Gregg, an NFL Hall of Fame player, was a head coach in a Super Bowl with Cincinnati and also was the coach when SMU resurrected its football program after being given the death penalty in the 1980s by the NCAA.

But as bad as the 1994 season started, it did give Glieberman his favorite memory.

“Beating Ottawa that last home game of the ’94 season when we had 31,000 people in the stands is my favorite memory,” he says. “To me, that’s when I thought it was really going to work. We had won three of the last four games.”

That momentum, however, didn’t last. Billy Joe Tolliver, who would go on to be a longtime Shreveport resident, was brought in to play quarterback, but the team finished 5-13. By the end of the season, the handwriting was on the wall.

“I think if we had played in ’96 we would have been pretty good,” Glieberman, still the eternal optimist, says. “We were building a team. Billy Joe improved a lot in the second half of the year and I think he would have been a very good CFL quarterback.”

Years later, Glieberman still looks back at what could have been by modeling another franchise. Shreveport was the smallest market in the CFL and the second-smallest was Saskatchewan.

“Saskatchewan has ended up being the most profitable team in the CFL,” he says. “That was the model we were following. Shreveport is a lot like Saskatchewan – civic pride, our team, our city – and was going to be the Saskatchewan of the South. That model did prove to work and I believe it could have worked in Shreveport,”

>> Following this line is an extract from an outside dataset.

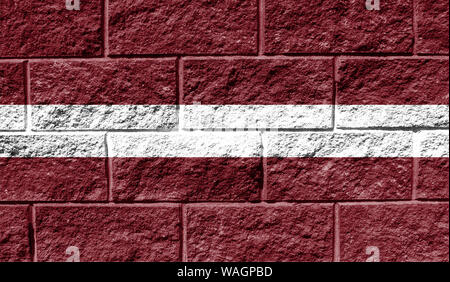 Flag of Latvia close up painted on a cracked wall Stock Photo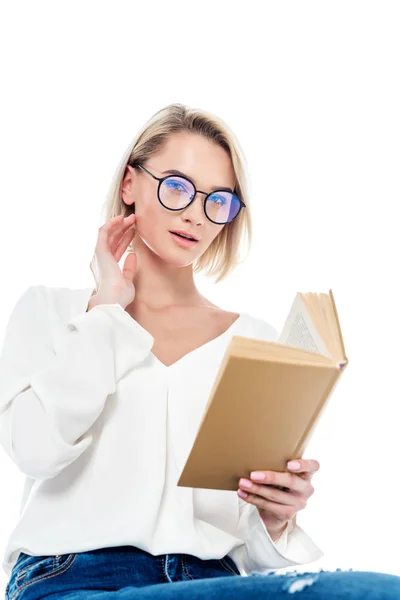Beautiful blonde girl in eyeglasses reading book, isolated on white — Stock Photo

In 2005, the Glibermans got involved again with the Ottawa franchise. “I’d show the staff in Ottawa how we had 11,000 season ticket holders in Shreveport,” Glieberman says. “And at that time, Ottawa had about 11,000 season ticket holders. The lesson learned was patience. We never gave it time to develop in the United States. We thought we’d open up and we’d be busy.”

He points to the business plan Major League Soccer has used. “Major League Soccer drew worse in first 10 years than CFL expansion did in its first three years,” he says. “The difference is that Major League Soccer had a long-term strategy of sustained sizable losses for quite a while with the idea that it was going to turn around. And, of course, it did. The CFL just didn’t plan for the size of losses that the American teams had.”

Maybe it’s because it’s only a few miles across Lake Superior from Canada, but Glieberman says his experience in Shreveport has played a vital role in his new venture.

“We built the ski resort from scratch just like we built the football team from scratch,” Glieberman says. “Some of the things I learned in Shreveport were valuable lessons to apply to the ski resort. In 1998, I started researching a proposed ski resort in the northern part of Michigan. It had always planned to be built but was too far from the major markets to be a normal ski report. But I looked at it as a niche player that focused on advanced and expert skiing and snowboarding. But it took 10 years to break even and get to the right spot. The lesson I learned in Shreveport that was helpful was that we just didn’t give it time. And I regret that. This time, I gave it time to develop and it got stronger and in the last few years it has rapidly grown. We have a very strong cult following from advanced skiers and snowboarders in the United States.”

Bernie Glieberman passed away in August. “We talked every day, up until the last day,” Lonie says. “He had a huge influence on me. Obviously, he wished Shreveport had turned out differently. There just was this lack of patience. In fairness to my dad, it’s hard to be patient when you are losing $4 million a year.”

The passing of 30 years has not allowed Lonie Glieberman to forget about the two he spent in Shreveport.

Failure? Maybe. But the second-best professional football league in the world played in Shreveport for two years. Thirty years later, that’s still pretty remarkable.

“Regardless of the ski resort, the biggest thing in my life I’ve ever done is helping get the Pirates going,” Glieberman says. “There was a strong following in Shreveport. People cared about the team. Yeah, there were a bunch of mistakes, but to build that team in six months … I’m so glad I was a part of that.